Paul Movie Review

Paul is an enjoyable comedy by one of my favorite writer/actor pairs with a lot of pop culture and sci-fi references and a ton of laughs but is still missing a bit of the spark from their previous efforts.

Paul tells the story of two British sci-fi fans taking a pilgrimage to America for the San Diego Comic Con who decide to use their trip to visit alleged sites of alien and UFO activity. Along the way they run afoul of some red necks and, while trying to escape a beating, come across a car crash that holds an alien named Paul. Paul has escaped from a government facility and needs their help to get to a pick up site so he can finally leave the planet and return home. The adventure they go on is hilarious and often surprising mostly due to Paul’s everyman sort of attitude.

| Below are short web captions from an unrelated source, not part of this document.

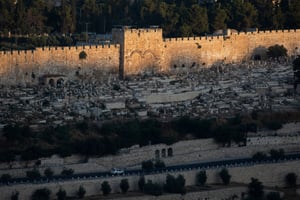 ערף ראש של חמור - ותלה בבית קברות מוסלמי בירושלים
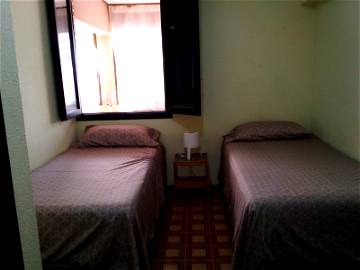 Roomlala | Double Room Nº2 Next To Upv And Beach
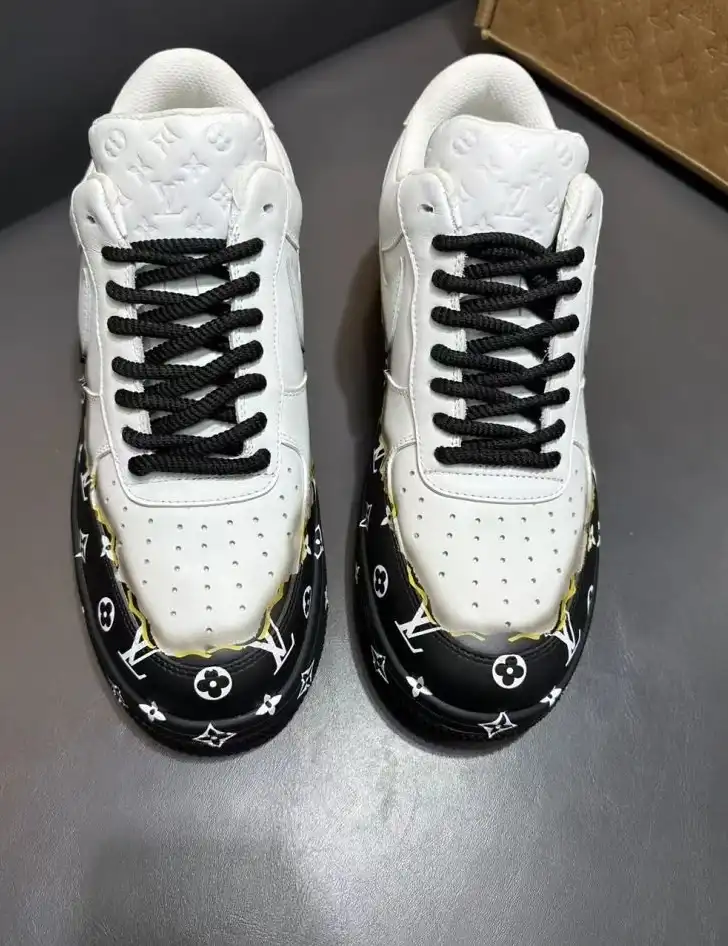 hype Louis Vuitton Sneakers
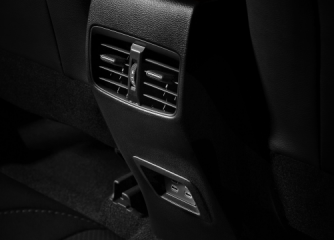 COROLLA CROSS 1.8HV -  Cửa gió sau, cổng sạc USB-C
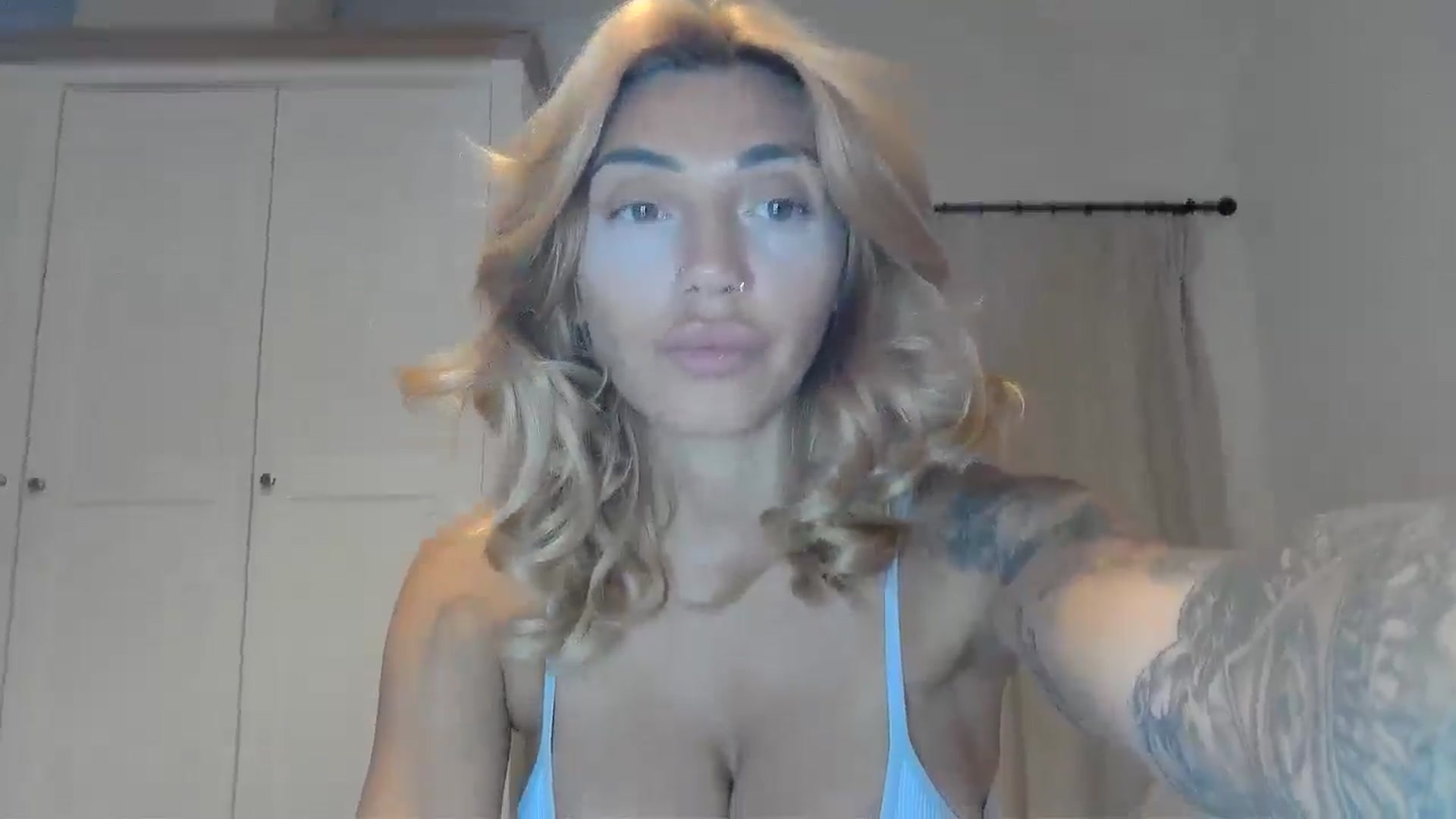 Gallery image thumbnail from EnglishRose3's myfreecams stream on, 09/12/2025, 06:42 image 3 of 20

I am a huge fan of writers/stars Simon Pegg and Nick Frost. Three of my cats are named after characters from their Spaced tv series and I think Hyperdrive (which stars Frost) is the best Star Trek parody this side of Galaxy Quest. That is to say nothing of how glorious Shaun of the Dead and Hot Fuzz are. So I am predisposed to like Paul and I liked it plenty. Still, it felt like it was missing something from those previous efforts and didn’t connect as perfectly as they did. It might seem unfair but I am almost less charitable because of their involvement than more so.

The characters are all very well drawn and they do a good job of balancing sentimental material with irreverent and they do it without feeling cheap or lazy. I think lesser writers would have stuck with anal probe jokes and kept hammering on the gross out material. Some of that is here but when it is used, it is used appropriately and never indulgently. Part of this is do to how earnest the two main characters are. Clive (Frost) and Graham (Pegg) aren’t quite man children but they aren’t quite fully adult. This gives them plenty of room to grow and to have a decent helping of awkwardness without making them feel like complete losers.

The special effects are amazing and Paul, a completely CG character voiced by Seth Rogen, looks phenomenal. When reading about the movie prior to release my biggest concern about it would be that Paul would come off looking cheap or unrealistic but he is so well animated and rendered that I found myself forgetting he wasn’t real. Rogen’s voice work is really great as well and that sells the illusion even more.

The supporting performances were uniformly good. Jason Bateman shines as Agent Zoil is Bateman doing what he does best with dry delivery of funny lines. Bill Hader and Joe Lo Truglio are also very good as Agents Haggard and O’Reilly respectively. Hader plays it mostly straight while Lo Truglio delivers a funny character that is a bit subdued for him. Kristen Wiig is pretty much Kristen Wiig as a cycloptic bible thumper who goes along for the ride and that is fine with me given I generally like her work. She does little to convince a detractor here though and that is too bad.

There is a whole host of awesome cameos and supporting actors on display here and that elevates the film even more. Even smaller, more incidental roles are filled with funny That Guys and character actors. With a roster that includes Jane Lynch, David Koechner, Sigourney Weaver, John Carrol Lynch, Jeffrey Tambor and Steven Spielberg you know you are in good hands.

The downside I mentioned is hard to qualify or put into words and I suspect that if other people had written it I would be less aware of it but there is something missing here that holds it back from being a masterpiece the way Shaun of the Dead and Hot Fuzz were. I think maybe it is just not as sharp of satire as those films because it goes instead to sentimentality. This is a love letter to sci-fi films and fiction as well as to sci-fi fans but is maybe a bit too loving about it. Where it could skewer or more deeply comment it embraces and reinforces. That is ultimately okay because it is very funny and very engaging but I would have liked to have seen it be on the same level as the duo’s previous work. Still even bad Pegg and Frost material is better than a lot of writers good material and this is not bad by any stretch of the imagination so it is highly recommended.

Conclusion[8.5 out of 10]

If you are wondering how much Edgar Wright brings to the table with this writing team I would say it was at least 1.5 points. Paul is very funny, well written, well acted and well directed but it is still missing something that Pegg and Frost’s efforts have had in the past. I think it is Wright. If you are a sci-fi fan you will especially enjoy Paul but there is enough humor crammed into the film for the casual fan as well.